(Dataset entries)
---

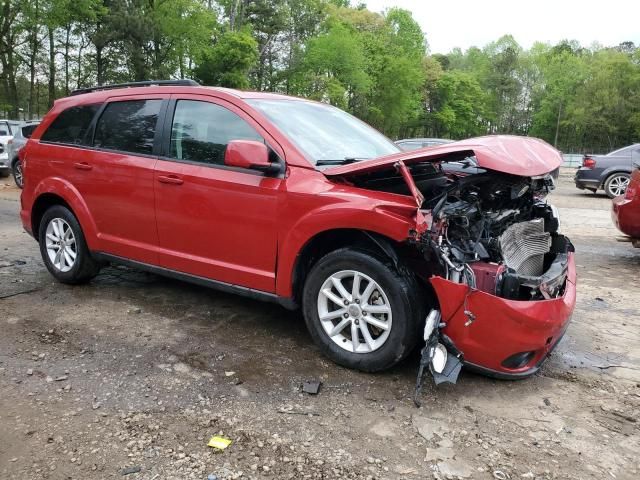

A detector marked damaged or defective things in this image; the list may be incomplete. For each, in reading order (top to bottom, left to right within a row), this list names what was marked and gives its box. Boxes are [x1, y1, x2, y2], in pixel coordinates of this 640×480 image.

cracked hood [322, 135, 564, 178]
damaged red suv [18, 81, 576, 382]
wrecked radiator [500, 217, 552, 274]
damaged bumper [430, 251, 576, 378]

---

_TASK_: Each record should be given again exactly, with no picture carried over.

_ANSWER FOR THIS EXERCISE_:
A detector marked damaged or defective things in this image; the list may be incomplete. For each, in reading order (top to bottom, left to right within a row), this list names what was marked and gives its box. Boxes are [x1, y1, x2, y2], in pixel coordinates of this 640×480 image.

cracked hood [322, 135, 564, 178]
damaged red suv [18, 81, 576, 382]
wrecked radiator [500, 217, 552, 274]
damaged bumper [430, 251, 576, 378]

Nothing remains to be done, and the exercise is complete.